Scarcely did we rejoice about GDP growth picking up in the December quarter than the Purchasing Managers’ Indices (PMI) delivered bad news. The Nikkei India Composite PMI Output Index, a gauge of conditions in both the manufacturing and services sectors, showed that private sector activity contracted in February 2018. The composite index fell from 52.5 in January to 49.7 in February. A reading below 50 indicates contraction from the previous month.

The composite index was dragged lower by the services PMI, which fell from 51.7 in January to 47.8 in February. Manufacturing, too, lost momentum during the month, falling from January’s 52.4 to 52.1, although it continued to expand.

Which sectors dragged down the services index? The PMI survey says, “Downturns in consumer services, finance & insurance, real estate & business services outweighed the upturns in information & communication and transport & storage." What’s more, consumer services and real estate & business services reported declines in new business.

The PMI numbers for February indicate a loss of momentum in the economy. Although it’s still not reason for alarm, perhaps what it shows is that the recovery is going to be slow. There are, after all, headwinds emanating from higher interest rates, higher inflation, the parlous state of the banking sector and from the external sector.

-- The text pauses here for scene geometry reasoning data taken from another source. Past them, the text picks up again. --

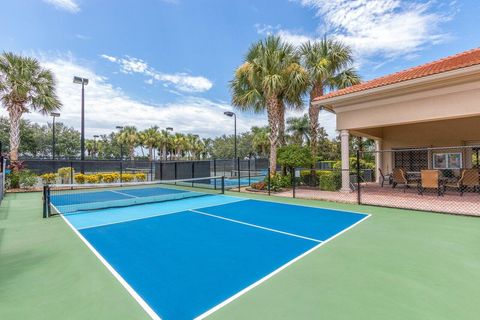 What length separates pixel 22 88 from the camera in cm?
1486

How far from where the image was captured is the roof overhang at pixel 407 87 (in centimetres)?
891

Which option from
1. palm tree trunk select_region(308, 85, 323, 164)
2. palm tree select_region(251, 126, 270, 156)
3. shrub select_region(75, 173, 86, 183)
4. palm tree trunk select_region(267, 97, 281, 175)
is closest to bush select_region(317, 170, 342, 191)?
palm tree trunk select_region(308, 85, 323, 164)

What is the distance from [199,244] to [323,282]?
269cm

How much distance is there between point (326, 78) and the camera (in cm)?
1477

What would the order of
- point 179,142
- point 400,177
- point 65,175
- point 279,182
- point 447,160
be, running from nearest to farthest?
point 400,177, point 279,182, point 447,160, point 65,175, point 179,142

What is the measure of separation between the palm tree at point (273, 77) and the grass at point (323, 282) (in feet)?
32.2

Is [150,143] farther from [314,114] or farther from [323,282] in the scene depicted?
[323,282]

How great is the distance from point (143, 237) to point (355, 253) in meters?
4.67

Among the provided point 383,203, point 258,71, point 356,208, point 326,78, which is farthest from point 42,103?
point 383,203

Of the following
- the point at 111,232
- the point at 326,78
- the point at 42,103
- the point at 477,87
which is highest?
the point at 326,78

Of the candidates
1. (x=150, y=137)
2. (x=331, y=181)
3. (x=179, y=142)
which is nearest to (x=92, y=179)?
(x=331, y=181)

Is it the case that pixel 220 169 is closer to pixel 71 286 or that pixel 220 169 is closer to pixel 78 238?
pixel 78 238

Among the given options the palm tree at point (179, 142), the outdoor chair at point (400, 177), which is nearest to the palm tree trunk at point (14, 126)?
the outdoor chair at point (400, 177)

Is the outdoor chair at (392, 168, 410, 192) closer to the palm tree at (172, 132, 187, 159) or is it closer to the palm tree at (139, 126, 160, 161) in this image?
the palm tree at (139, 126, 160, 161) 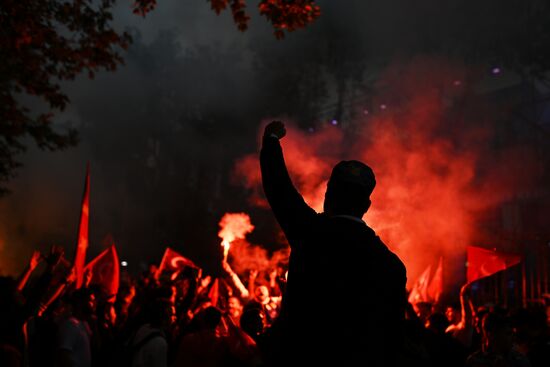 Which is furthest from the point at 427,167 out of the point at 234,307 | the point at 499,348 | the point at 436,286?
the point at 499,348

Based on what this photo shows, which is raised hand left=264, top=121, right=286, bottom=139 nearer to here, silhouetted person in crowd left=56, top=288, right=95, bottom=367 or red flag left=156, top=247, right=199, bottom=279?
silhouetted person in crowd left=56, top=288, right=95, bottom=367

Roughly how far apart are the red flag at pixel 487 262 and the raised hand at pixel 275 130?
8.19m

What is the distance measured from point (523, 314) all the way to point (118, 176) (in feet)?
101

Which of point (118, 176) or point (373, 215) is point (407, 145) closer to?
point (373, 215)

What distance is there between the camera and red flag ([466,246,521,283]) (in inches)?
392

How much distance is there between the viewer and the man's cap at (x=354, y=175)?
8.32ft

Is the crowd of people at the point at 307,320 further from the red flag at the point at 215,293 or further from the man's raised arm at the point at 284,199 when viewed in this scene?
the red flag at the point at 215,293

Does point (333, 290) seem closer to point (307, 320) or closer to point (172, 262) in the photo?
point (307, 320)

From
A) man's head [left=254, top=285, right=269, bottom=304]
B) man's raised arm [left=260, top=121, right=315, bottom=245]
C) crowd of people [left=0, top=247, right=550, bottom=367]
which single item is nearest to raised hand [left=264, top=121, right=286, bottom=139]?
man's raised arm [left=260, top=121, right=315, bottom=245]

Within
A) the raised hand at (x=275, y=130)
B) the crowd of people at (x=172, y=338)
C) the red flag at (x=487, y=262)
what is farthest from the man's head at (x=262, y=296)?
the raised hand at (x=275, y=130)

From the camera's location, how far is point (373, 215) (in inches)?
536

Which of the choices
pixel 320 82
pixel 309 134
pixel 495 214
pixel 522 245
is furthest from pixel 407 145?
pixel 320 82

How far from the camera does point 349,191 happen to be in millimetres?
2537

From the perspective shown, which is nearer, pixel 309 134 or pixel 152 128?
pixel 309 134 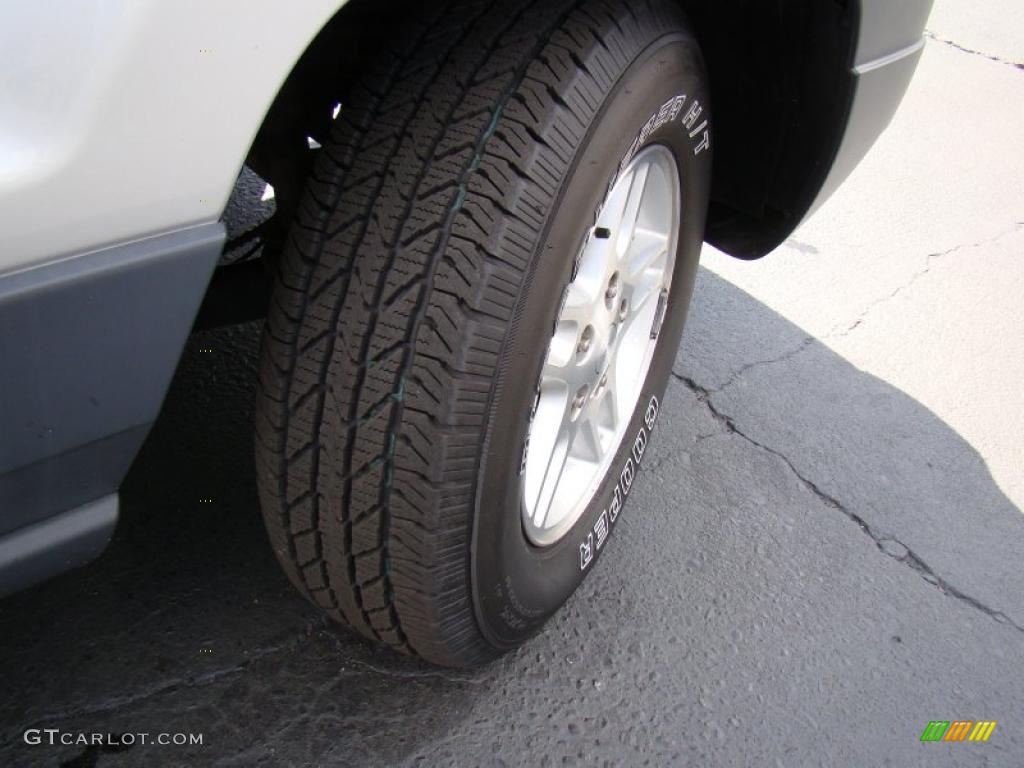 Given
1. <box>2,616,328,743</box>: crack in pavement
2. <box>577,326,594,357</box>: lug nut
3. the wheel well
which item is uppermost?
the wheel well

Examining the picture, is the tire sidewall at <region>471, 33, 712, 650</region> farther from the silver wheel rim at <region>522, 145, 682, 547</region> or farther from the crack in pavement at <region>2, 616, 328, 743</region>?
the crack in pavement at <region>2, 616, 328, 743</region>

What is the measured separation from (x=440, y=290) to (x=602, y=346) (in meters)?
0.57

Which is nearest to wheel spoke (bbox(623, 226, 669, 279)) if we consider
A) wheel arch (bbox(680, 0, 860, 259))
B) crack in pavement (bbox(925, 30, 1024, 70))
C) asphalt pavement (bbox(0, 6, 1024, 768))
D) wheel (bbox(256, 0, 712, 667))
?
wheel arch (bbox(680, 0, 860, 259))

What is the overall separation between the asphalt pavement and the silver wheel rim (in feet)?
0.85

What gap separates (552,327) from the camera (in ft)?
4.47

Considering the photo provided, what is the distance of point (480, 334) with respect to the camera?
1.25 meters

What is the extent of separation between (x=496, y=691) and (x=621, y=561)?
45cm

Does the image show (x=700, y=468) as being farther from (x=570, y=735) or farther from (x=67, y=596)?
(x=67, y=596)

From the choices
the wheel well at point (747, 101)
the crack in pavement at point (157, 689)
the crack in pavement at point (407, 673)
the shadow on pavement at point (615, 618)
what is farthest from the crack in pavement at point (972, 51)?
the crack in pavement at point (157, 689)

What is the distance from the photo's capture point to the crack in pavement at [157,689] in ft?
4.97

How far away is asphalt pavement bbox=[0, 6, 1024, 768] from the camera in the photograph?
1616 mm

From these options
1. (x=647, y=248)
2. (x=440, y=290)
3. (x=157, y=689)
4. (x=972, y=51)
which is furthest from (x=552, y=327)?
(x=972, y=51)

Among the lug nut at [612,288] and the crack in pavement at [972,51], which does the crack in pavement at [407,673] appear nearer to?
the lug nut at [612,288]

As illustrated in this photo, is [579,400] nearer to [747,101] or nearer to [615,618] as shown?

Within the services sector PMI, the input price and prices charged indices moved up. Taken together with the rise in output prices in the manufacturing PMI, it shows the return of inflationary pressures.

It is also unfortunate that the “future output" sub-index in the manufacturing PMI and the “business expectations" sub-index in the services PMI have moved down in recent months, indicating that animal spirits among entrepreneurs are drooping.